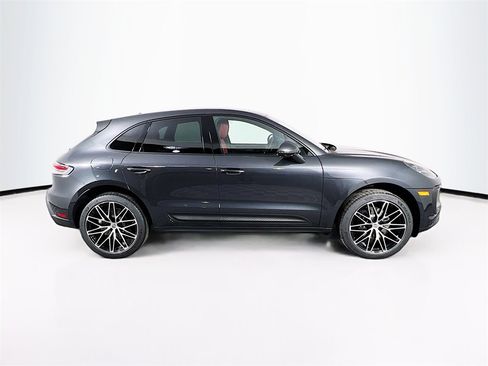 New 2026 Porsche Macan image 8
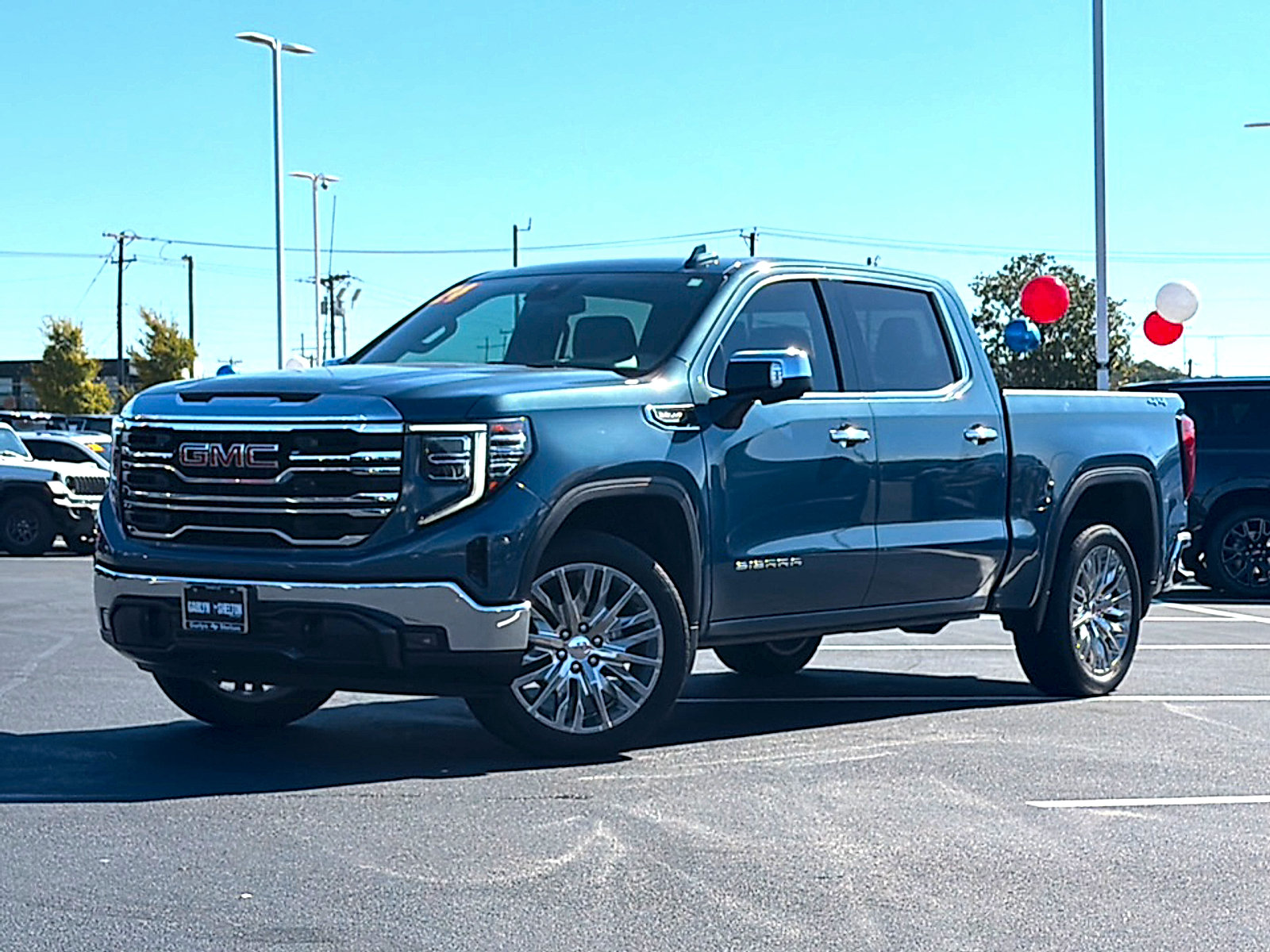 Used 2024 GMC Sierra 1500 SLT AWD/4WD image 2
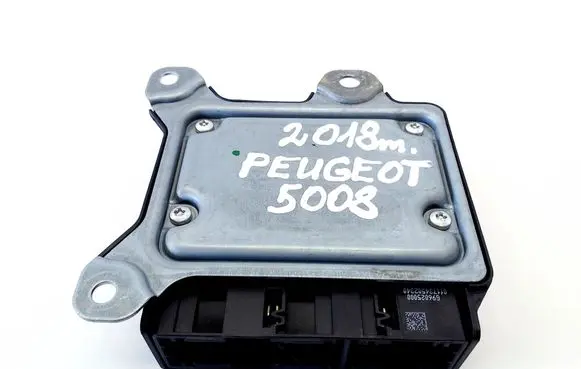 Peugeot 5008 II Airbag control unit/module 9824811680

━━━━━━

#### [EXERCISE INSTRUCTIONS]
All the lines above are to be given again exactly as they read, with the pictures removed.

#### [SOLVED PROBLEM]
 New 2026 Porsche Macan image 8
 Used 2024 GMC Sierra 1500 SLT AWD/4WD image 2
 Peugeot 5008 II Airbag control unit/module 9824811680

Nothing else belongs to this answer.